When the filmmakers of "Winnie the Pooh" were tasked by the Walt Disney Co. with creating a new story about the honey-loving bear two years ago, they had no interest in computer-generating Pooh and his friends.
They also wanted no part in projecting Pooh's latest Hundred Acre Wood adventure in three dimensions or upgrading his classic bound storybook to a tablet computer.
Instead, directors Stephen Anderson and Don Hall sought to faithfully return Pooh to his hand-drawn origins for a feature film reminiscent of the 1960s' Pooh shorts, while also appealing to kids who've grown up with the action of "Toy Story" and "Cars."
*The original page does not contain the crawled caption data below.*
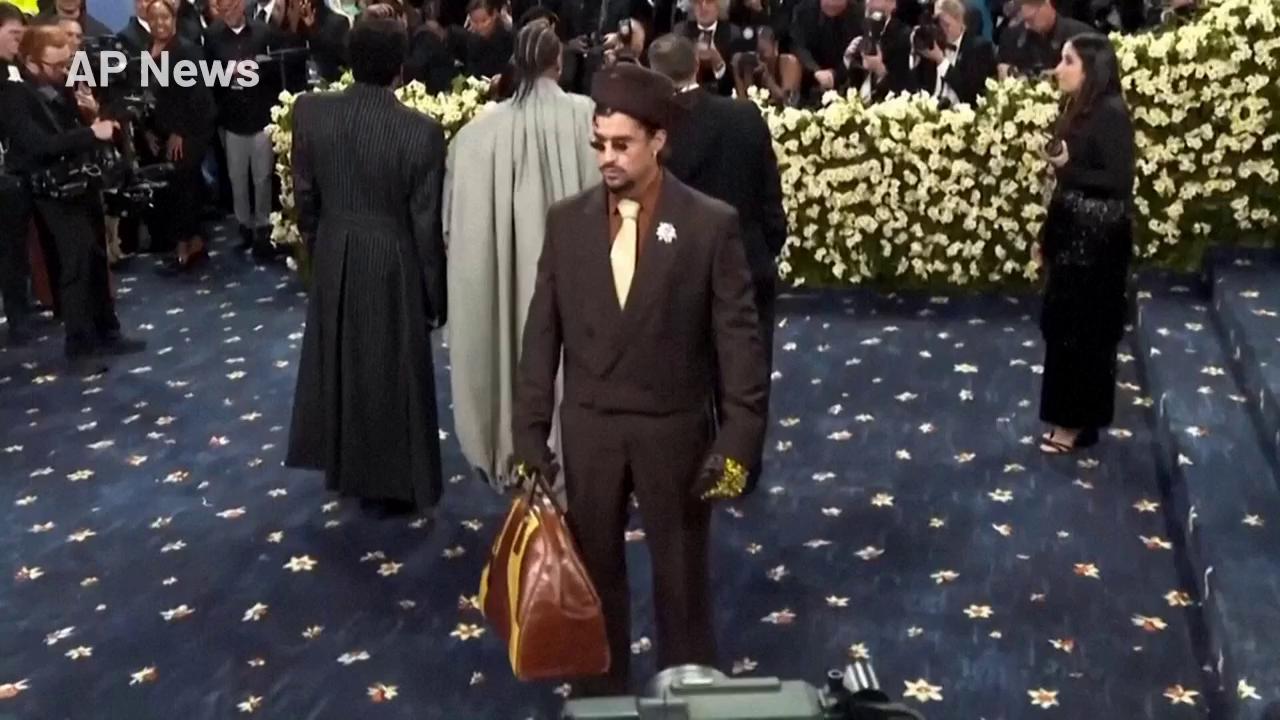 "Swifties Already Got Him Trained": Jason Kelce Reacts After Savage Remarks About Bad Bunny Go Viral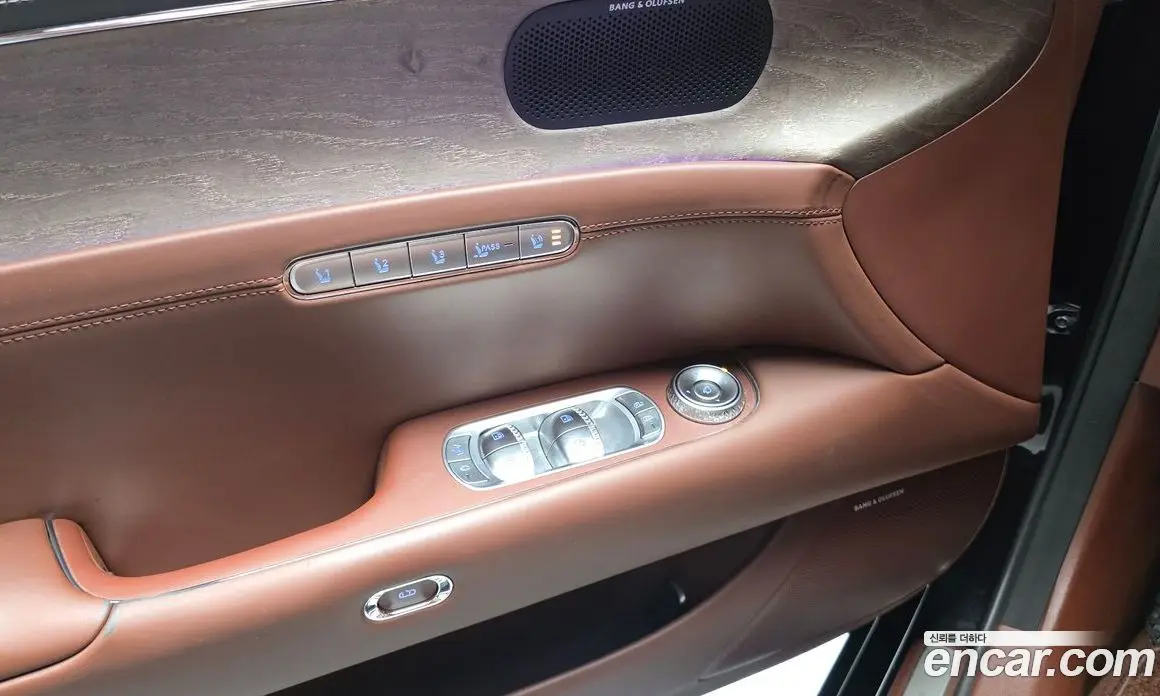 Genesis G90 2022 3.5 автомат (гидро), фото 27 Genesis G90 2022 3.5 автомат (гидро), фото 27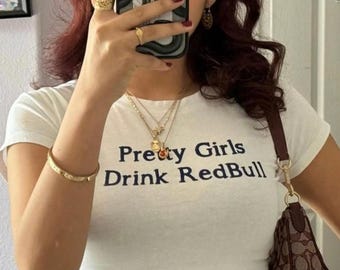 Pretty Girls Drink R*dBull Baby Tee Formula1 Baddie Manifestation Shirt Hot Girl iconische slogan top Viral Bold TikTok Post Tee
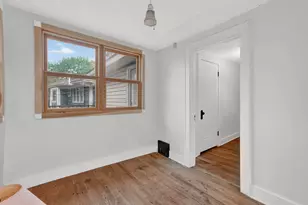 1109 S Genesee Dr, Lansing, MI 48915 - Photo 19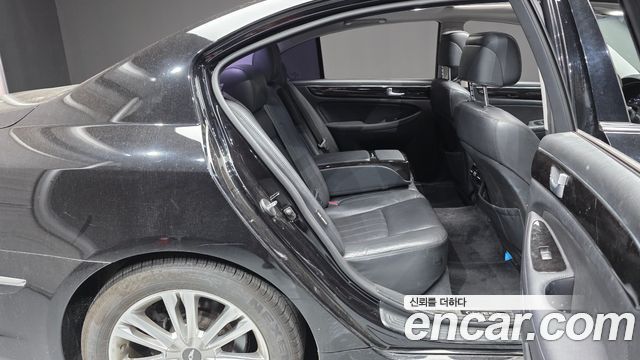 Hyundai Genesis BH 330 Luxury Standard 2012 — фото 12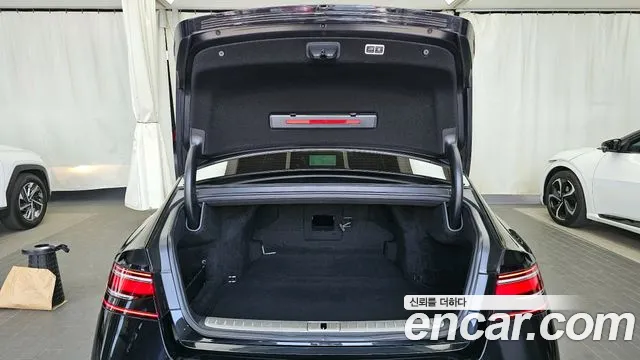 Genesis G90 Бензин 3.5 турбо AWD — Фото автомобиля 19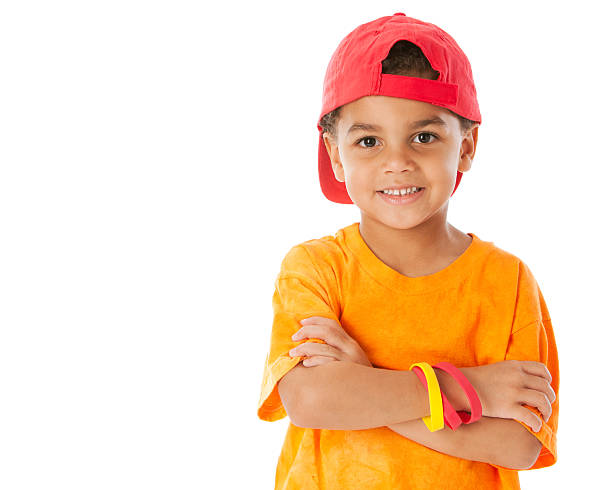 gente: raza mixta little boy gorra de béisbol de hombros - 4 5 años fotografías e imágenes de stock
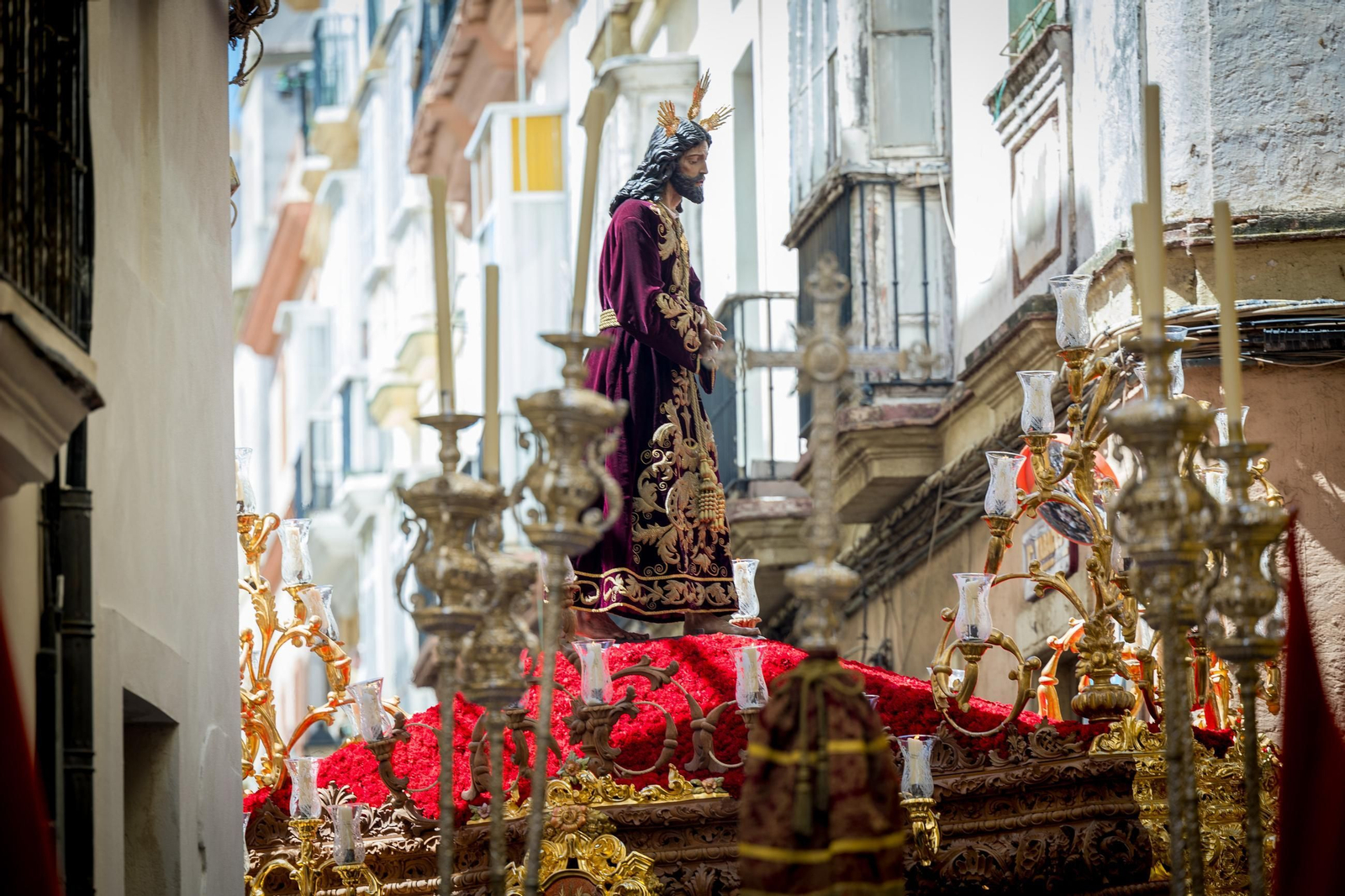 Imágenes de la salida de Las Penas en la Semana Santa de Cádiz 2025 Imágenes de la salida de Las Penas en la Semana Santa de Cádiz 2025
"After we watched the first 'Pooh' films, we felt strongly those characters would still be funny," said Hall. "The pacing was our challenge. We knew the pacing in those old films would not work, but we couldn't crank it up to the level of today's films because it would break 'Winnie the Pooh.' We had to find a line and walk it. That took the most work."
"Winnie the Pooh," debuting in the U.S. on Friday, will be the first time the Hundred Acre Wood residents of A.A. Milne's beloved books have marched into theaters since 2005's "Pooh's Heffalump Movie." In recent years, Pooh and pals have strayed away from their storybook roots, appearing in direct-to-DVD movies and as puppets and computer-generated characters in Disney Channel series.
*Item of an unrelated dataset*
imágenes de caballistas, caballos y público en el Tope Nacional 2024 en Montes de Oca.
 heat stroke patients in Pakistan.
"When a character has been around for as many incarnations as Pooh, you sometimes don't realize when you drift away from the source material that made it resonate in the first place," said voice actor Tom Kenny, who plays control freak Rabbit. "In the same way that I think it's smart to reboot 007 or Batman, that's basically what they did with Pooh."
Jim Cummings, who has portrayed Pooh for more than 25 years in films, TV shows and video games, returns as the voice of Pooh and Tigger, as does Travis Oates as Piglet. New actors take on the other roles, including talk show host Craig Ferguson as know-it-all Owl and Pixar and Sesame Street animator Bud Luckey as loveably dismal donkey Eeyore. John Cleese narrates.
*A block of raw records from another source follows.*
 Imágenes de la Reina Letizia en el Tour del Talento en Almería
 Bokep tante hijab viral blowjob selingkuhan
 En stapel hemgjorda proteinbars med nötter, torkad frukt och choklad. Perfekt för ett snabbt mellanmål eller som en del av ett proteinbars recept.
"We asked ourselves if the characters were more defined by their voice or more defined by their personality, with the voice not mattering so much," said Anderson. "If you don't have the voices of Pooh, Tigger, Eyore and Piglet, people are going to go nuts. Those had to be imitations of the originals. That wasn't so for other characters like Owl and Rabbit."
The new film's plot is loosely based on stories from Milne's books and follows Pooh, Tigger, Rabbit, Piglet, Kanga, Roo, Owl and Eeyore as they search for both a missing Christopher Robin and a new tail for Eeyore. Along the way, the critters encounter a mysterious creature called a Backson, who was briefly mentioned in 1928's "The House at Pooh Corner."
The illustrative journey was drawn by hand at the Walt Disney Animation Studios in Burbank, Calif. Yet this "Pooh" isn't totally an old-school endeavor. Animators' drawings were scanned into computers instead of copied, and the images, including the watercolor backdrops, were digitally painted, not filled in by actual brushes.
The other new element in this edition of "Pooh" was the use of actress-singer Zooey Deschanel as the film's musical narrator. Deschanel croons the classic opening theme, as well other ditties laced throughout the film. The cast and crew are hoping the old-fashioned touches appeal to young and old alike, as well as reinvigorate the 85-year-old franchise.
"These movies last forever," said Cummings. "'Snow White' was done in 1939, and you can go to your video store and watch it now. You want it to be good because it's going to outlast me, you and all of us. There is definitely a pressure there to perform. I never leave the fight in the gym. I bring it every time. I shoot for a home run with every line."